La Cina secondo Milazzo

06 Dicembre 2011
cinesi cinesi

 

La Cina sarebbe molto più avanti di quanto si pensi in fatto di cultura del vino.

Sono sempre più i giovani appassionati e competenti e i ristoranti a dotarsi di una carta dei vini. Ad essere ricercate sono le bottiglie importanti. Un mercato in crescita dove la Francia però sembra possederne la quota maggiore. E’ il Paese che utilizza la parola Bordeaux come sinonimo di vino. Questo il quadro dipinto da Giuseppe Milazzo, titolare della Azienda Agricola Milazzo rientrato in Italia dopo l’International Wine & Sprit tenutosi il mese scorso a Honk Kong. La sensazione che il produttore si porta a casa è quella di un Italia che stenterebbe a conquistare fette di mercato, e di una Sicilia ancora poco conosciuta. “In fiera i visitatori li dovevamo tirare noi dentro lo stand e spiegare loro da dove venivano i nostri vini. Non sanno dove sia l’Isola – dice Milazzo -. Però devo dire che una volta assaggiati e scoperti apprezzavano. Manca una forte azione di comunicazione. Dovrebbe occuparsene il Ministero delle Politiche Agricole. Sono pochissime le cantine italiane e figuriamoci siciliane conosciute”. Nei locali le etichette richieste sarebbero quelle francesi. “Questo è il risutlato di anni di educazione alla cultura del vino portata avanti in Cina dai francesi. Già 40 anni fa la Francia era presente commercialmente e spadroneggiava. Oggi i consumatori chiedono Bordeaux per chiedere vino. Trovare vino italiano nei locali è davvero cosa rara. L’ho visto di persona girando per Honk Kong e Shangai. La Francia fa la parte del leone”.
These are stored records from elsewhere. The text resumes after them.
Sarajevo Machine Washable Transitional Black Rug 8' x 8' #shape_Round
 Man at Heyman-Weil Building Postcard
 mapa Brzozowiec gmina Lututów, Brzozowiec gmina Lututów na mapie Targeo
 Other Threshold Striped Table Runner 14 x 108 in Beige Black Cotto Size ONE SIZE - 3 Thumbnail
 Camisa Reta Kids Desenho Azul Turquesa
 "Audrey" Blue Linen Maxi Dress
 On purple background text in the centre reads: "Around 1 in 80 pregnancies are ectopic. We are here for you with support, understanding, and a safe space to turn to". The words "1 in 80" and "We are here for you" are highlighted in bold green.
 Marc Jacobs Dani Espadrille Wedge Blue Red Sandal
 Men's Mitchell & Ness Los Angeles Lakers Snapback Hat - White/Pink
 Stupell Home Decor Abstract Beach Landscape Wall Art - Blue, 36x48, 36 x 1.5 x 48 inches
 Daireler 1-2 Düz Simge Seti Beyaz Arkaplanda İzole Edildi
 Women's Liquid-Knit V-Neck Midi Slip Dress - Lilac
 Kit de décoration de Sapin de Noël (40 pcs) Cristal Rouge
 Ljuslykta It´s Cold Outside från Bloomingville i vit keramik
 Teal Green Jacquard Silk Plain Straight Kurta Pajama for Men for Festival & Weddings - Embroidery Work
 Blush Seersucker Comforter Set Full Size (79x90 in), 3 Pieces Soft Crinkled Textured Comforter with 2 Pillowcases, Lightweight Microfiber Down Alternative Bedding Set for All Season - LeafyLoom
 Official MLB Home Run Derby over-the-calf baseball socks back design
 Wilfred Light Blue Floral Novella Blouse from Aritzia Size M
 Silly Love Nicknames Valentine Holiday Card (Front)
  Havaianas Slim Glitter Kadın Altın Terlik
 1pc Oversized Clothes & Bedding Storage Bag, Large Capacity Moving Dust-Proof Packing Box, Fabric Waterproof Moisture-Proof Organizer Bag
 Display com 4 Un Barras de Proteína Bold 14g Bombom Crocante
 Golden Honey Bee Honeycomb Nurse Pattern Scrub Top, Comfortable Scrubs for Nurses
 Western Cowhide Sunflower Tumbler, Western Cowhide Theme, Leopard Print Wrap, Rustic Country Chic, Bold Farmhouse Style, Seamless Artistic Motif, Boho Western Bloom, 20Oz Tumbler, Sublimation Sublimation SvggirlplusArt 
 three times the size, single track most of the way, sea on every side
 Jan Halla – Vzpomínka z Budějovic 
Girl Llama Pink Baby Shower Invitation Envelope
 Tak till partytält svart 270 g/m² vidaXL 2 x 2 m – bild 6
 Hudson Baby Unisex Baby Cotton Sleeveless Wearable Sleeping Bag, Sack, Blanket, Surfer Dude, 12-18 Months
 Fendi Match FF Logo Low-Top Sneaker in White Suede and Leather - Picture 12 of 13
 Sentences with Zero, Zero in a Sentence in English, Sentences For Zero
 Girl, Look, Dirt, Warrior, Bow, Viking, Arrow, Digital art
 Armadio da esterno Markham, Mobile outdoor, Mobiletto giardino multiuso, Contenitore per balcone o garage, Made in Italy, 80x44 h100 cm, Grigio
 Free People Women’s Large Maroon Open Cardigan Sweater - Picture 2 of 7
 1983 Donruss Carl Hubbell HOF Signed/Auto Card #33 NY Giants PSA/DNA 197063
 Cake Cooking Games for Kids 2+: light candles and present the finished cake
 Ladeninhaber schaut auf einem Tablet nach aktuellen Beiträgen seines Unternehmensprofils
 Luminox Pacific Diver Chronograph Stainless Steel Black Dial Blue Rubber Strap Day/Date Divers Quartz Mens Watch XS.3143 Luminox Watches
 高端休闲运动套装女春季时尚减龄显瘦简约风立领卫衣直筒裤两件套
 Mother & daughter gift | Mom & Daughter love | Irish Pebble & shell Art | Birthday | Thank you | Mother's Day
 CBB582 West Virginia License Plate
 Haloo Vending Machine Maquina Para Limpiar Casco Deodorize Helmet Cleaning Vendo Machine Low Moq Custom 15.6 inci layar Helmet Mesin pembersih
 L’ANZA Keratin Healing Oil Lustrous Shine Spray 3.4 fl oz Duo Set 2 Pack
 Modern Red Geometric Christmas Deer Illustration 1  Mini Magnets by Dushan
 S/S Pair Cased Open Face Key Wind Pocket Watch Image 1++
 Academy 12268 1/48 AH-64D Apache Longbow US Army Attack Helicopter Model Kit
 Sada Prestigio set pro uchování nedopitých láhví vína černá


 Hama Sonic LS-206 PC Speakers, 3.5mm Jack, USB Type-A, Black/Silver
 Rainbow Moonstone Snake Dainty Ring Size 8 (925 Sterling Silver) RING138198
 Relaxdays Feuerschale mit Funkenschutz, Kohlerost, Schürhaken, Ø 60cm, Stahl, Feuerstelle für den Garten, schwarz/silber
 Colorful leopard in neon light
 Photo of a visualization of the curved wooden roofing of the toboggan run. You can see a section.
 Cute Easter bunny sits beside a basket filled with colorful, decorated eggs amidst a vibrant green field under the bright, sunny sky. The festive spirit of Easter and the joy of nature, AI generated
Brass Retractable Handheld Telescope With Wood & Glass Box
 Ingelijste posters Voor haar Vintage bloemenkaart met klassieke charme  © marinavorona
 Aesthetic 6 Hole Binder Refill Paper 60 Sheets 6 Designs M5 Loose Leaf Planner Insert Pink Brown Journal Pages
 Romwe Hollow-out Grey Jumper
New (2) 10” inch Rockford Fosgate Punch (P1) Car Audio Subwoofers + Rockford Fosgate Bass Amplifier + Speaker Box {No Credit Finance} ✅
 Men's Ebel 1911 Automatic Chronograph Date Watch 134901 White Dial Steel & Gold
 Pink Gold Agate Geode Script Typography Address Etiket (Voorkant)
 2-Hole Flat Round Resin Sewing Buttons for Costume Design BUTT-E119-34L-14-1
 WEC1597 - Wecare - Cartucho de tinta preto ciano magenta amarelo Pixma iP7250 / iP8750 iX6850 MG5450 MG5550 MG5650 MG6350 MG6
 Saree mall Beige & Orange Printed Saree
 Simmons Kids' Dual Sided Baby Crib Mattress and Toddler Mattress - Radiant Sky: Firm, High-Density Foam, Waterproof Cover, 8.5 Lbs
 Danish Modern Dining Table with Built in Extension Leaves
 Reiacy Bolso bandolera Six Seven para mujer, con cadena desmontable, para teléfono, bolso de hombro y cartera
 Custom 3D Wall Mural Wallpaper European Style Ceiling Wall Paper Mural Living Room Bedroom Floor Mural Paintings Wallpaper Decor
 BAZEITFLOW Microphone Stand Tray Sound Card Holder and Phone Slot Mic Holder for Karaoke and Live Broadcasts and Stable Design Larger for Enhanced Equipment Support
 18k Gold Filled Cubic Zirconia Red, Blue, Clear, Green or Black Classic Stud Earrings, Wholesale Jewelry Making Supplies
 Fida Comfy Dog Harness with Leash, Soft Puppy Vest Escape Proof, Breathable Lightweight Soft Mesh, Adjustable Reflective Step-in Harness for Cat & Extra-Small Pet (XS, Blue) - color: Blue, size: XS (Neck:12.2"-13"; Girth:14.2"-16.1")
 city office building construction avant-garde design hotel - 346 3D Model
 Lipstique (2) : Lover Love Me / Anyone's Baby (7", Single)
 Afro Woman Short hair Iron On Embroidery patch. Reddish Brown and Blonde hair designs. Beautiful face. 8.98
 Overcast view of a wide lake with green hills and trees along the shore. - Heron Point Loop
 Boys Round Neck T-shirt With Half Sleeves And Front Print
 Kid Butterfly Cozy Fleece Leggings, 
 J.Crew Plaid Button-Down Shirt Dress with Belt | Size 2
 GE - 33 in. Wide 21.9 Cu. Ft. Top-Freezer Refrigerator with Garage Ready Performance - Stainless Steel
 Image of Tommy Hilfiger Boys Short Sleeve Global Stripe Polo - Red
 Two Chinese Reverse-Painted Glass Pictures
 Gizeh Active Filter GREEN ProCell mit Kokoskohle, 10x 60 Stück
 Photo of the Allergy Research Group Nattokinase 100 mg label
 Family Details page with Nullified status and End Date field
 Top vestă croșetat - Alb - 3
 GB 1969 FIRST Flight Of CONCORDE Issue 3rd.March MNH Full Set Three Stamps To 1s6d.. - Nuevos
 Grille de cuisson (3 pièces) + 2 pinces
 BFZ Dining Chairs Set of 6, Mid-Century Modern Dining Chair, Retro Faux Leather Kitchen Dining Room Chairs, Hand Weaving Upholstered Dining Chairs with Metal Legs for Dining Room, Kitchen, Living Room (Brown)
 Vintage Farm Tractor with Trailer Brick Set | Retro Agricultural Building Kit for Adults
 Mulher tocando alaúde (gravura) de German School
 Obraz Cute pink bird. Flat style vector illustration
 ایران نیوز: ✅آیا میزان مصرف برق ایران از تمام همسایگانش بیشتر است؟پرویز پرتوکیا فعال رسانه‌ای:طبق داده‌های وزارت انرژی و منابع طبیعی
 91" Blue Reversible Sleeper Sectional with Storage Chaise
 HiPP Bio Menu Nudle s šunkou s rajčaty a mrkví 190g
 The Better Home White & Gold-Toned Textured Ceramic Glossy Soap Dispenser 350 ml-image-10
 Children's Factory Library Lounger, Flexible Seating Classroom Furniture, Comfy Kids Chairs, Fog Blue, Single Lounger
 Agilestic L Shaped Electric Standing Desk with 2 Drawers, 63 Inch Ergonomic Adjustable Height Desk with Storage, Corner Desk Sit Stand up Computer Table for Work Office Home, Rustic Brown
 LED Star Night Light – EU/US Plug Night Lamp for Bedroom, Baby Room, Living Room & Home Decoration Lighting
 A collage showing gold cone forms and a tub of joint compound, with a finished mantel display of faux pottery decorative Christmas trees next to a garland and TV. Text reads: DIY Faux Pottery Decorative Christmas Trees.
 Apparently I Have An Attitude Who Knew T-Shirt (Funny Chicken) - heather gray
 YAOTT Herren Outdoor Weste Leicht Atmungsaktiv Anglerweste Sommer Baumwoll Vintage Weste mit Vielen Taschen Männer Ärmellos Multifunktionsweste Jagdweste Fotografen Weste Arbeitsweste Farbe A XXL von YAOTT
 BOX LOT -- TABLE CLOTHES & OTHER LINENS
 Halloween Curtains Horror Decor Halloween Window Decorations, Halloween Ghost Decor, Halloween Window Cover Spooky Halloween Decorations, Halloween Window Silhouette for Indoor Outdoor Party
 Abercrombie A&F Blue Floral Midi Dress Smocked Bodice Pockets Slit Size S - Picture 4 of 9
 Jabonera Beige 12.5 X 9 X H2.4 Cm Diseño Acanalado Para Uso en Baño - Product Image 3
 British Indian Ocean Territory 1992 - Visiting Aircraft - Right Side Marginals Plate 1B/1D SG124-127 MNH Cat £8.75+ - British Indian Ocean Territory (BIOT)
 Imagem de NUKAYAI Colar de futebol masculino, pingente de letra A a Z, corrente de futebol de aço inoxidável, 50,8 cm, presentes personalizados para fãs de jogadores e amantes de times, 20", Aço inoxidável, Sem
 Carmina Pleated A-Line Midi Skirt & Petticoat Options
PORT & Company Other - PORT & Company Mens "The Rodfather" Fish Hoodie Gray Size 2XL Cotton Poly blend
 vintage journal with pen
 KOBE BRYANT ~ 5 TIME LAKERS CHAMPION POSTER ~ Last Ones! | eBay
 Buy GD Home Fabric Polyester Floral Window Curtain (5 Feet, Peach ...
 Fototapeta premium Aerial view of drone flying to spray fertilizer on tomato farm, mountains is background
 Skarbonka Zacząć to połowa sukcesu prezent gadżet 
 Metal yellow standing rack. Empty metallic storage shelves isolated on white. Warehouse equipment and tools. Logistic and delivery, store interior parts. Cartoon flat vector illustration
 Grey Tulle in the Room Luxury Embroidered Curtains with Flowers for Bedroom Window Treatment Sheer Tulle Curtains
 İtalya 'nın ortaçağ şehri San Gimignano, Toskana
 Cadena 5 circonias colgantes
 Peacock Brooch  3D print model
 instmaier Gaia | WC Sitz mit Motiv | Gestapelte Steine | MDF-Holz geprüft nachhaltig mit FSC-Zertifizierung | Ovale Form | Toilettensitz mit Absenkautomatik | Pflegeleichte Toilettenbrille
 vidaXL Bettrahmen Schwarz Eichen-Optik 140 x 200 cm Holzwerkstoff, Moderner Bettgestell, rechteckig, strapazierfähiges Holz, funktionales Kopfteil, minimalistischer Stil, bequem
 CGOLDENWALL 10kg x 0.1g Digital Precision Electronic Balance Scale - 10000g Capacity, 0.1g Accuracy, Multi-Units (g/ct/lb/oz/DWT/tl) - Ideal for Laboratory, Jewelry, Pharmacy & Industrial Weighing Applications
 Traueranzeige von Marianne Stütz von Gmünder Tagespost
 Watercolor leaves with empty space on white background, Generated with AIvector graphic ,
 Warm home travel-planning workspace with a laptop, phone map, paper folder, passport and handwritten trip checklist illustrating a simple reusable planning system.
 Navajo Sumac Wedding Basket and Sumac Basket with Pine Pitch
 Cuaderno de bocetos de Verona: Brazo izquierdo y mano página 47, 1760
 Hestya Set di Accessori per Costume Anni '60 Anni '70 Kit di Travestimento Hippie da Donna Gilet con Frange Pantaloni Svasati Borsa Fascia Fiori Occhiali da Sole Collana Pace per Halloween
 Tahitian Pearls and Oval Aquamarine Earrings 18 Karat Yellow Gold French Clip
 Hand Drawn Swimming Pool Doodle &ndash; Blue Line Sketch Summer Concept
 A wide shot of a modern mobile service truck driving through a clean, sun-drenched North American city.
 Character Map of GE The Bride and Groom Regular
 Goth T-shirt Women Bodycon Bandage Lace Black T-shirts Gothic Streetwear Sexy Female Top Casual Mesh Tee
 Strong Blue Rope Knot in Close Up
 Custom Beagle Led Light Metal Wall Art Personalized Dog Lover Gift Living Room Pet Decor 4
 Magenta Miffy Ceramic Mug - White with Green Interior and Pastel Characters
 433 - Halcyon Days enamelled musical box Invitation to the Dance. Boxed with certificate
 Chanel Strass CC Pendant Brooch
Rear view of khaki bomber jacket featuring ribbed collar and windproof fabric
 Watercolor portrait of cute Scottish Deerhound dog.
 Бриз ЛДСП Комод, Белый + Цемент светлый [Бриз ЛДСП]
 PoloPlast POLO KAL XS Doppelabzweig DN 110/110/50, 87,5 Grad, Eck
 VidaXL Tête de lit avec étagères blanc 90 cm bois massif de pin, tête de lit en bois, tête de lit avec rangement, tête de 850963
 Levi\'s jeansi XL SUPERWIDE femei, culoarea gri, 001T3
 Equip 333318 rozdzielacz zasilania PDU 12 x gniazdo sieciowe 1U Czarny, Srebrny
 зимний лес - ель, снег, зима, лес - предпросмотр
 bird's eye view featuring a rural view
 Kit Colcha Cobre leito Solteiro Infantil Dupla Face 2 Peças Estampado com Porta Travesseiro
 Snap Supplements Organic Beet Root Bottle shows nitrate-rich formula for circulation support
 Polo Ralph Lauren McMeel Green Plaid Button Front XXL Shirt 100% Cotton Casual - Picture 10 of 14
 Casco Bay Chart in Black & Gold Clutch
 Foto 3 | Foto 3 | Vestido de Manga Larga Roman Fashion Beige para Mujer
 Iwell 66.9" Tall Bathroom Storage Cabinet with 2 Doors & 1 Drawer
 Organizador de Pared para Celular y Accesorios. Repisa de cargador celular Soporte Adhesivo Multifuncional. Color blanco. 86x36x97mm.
Giuseppe Milazzo mentre fa degustare i suoi vini ad alcuni buyer cinesi

Ma anche per gli importatori stessi e gli operatori del settore ristorazione e beverage cinesi il vino è Francia, pochi paesi per loro sarebbero all’altezza. Ad essere richieste principalmente le bottiglie costose. I vini di media qualità non troverebbero posto, se non nelle aree dell’entroterra.  “A me, per esempio, chiedono i vini top della mia produzione – racconta Milazzo -. A loro interessa riempire il loro catalogo con vini d’eccellenza”. Se, a detta del produttore, per il vino italiano la strada verso gli scaffali della Cina è ancora lunga, ci sarebbe anche altro un fattore che remerebbe contro lo sbocco del vino italiano e made in Sicily nel mercato cinese: la politica commerciale di alcuni produttori. “Finché vi sono produttori che vendono vino a meno di un euro non abbiamo dove andare. Questo compromette il vino di qualità. E si consente tutto ciò. Si dovrebbe intervenire su questo, proprio evitando che certi produttoriproducano 180-200 quintali di uva ogni anno. C’è chi cento li imbottiglia e cento li dà sottobanco. Così non raggiungeremo mai i livelli della Francia”. Una strategia efficace sarebbe quella di comunicare al popolo dei giovani consumatori. “Io sono rimasto colpito. Sono anni luce avanti a noi dal punto di vista della cultura del vino. Ho trovato ragazzi giovanissimi e preparatissimi, che hanno frequentato scuole serie. Da noi non c’è questo livello di preparazione. Basti pensare a cosa si vede al Vinitaly ogni anno. Ragazzi che vanno lì solo per bere”.